I noticed that a lot of people were bypassing my proxy using Firefox Portable and other standalone browsers.  I am using a proxy installed on a machine that is not directly attached to my default gateway, so I have them pick up the proxy address from wpad, and lockdown the proxy settings page in IE through Group Policy.

A simple solution to people bypassing your proxy, is to put an entry in your firewall to only allow HTTP and HTTPS traffic that originates from your proxy server.  If you’re not administering a very large network this is ideal.  Another advantage, since it is not specific to just Firefox, it will allow you to catch any browser that users throw at it and force them to put in proxy settings to use the internet.  This also solves the problem if they try to get around the proxy by modifying their “auto detect proxy” settings.  Since Group Policy cannot lockdown the proxy editing page of every browser, and people always find clever ways to install the multitude of internet browsers out there, this will not allow them to simply bypass it by turning the “don’t detect proxy” setting off .   Here’s what the entries look like in a Sonicwall router to allow only http/https traffic that comes from your proxy  (the proxy server in this example is called flserver4.)

bypassproxy

Once you have a rule like the above setup, you can add a few exceptions in for your servers, etc. by placing an “allow” for those addresses with a lower priority than the deny.  In the example above, I created an Address Group and can add IP addresses/hosts to it whenever I need. I would put an allow entry in where the source is my Server IP, the destination is ANY, and the service is Http/Https, at a priority of 17/18, which would process before the deny.  To make it easier you can create a Service Group containing both HTTP and HTTPS ports so you don’t have to put every exception in twice as well as the address group to contain the hosts you would like to allow this way you do not have to create an entry for every ip address.
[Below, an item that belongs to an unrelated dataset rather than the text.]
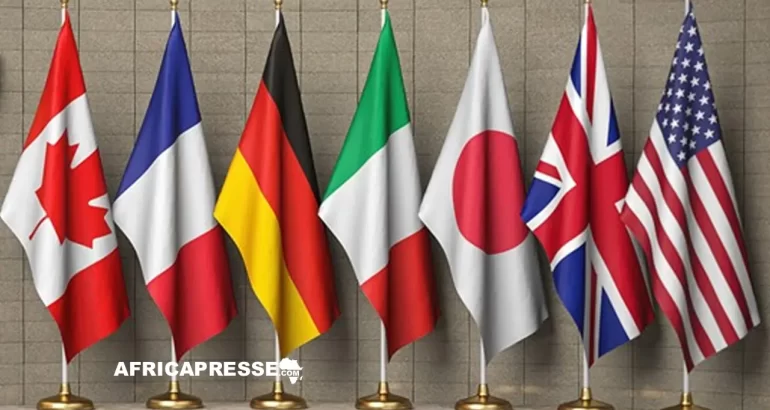 Les drapeaux des sept pays du G7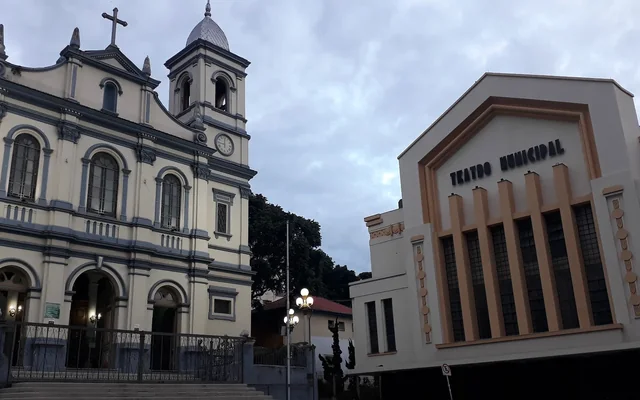 Igreja e teatro municipal na cidade em Nova Lima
Obviously, The best way to use a proxy is to use two nics and place the server/device in front of your router, or use a content filtering solution that is installed on the router itself since all traffic leaving must go through this server/device to get out.  Sonicwall has one, Cisco has one on a certain series of routers.  However, if you have a proxy working on a standalone server that is not installed in front of your gateway so that all traffic has to pass through it, then the above solution should suffice. Everyone out there has a different setup so this will help when you do not have the luxury of having this type of setup.

There is a also an ADM out there that allows you to configure Firefox through Windows Group Policy, however, since Firefox standalone is not actually installed on the machine and does not contain registry entries, I’m not sure that this will work, so you might want to investigate that.  Another person has a great writeup on how to create your own.  If you need to enforce more than just proxy settings then you should take a look at it.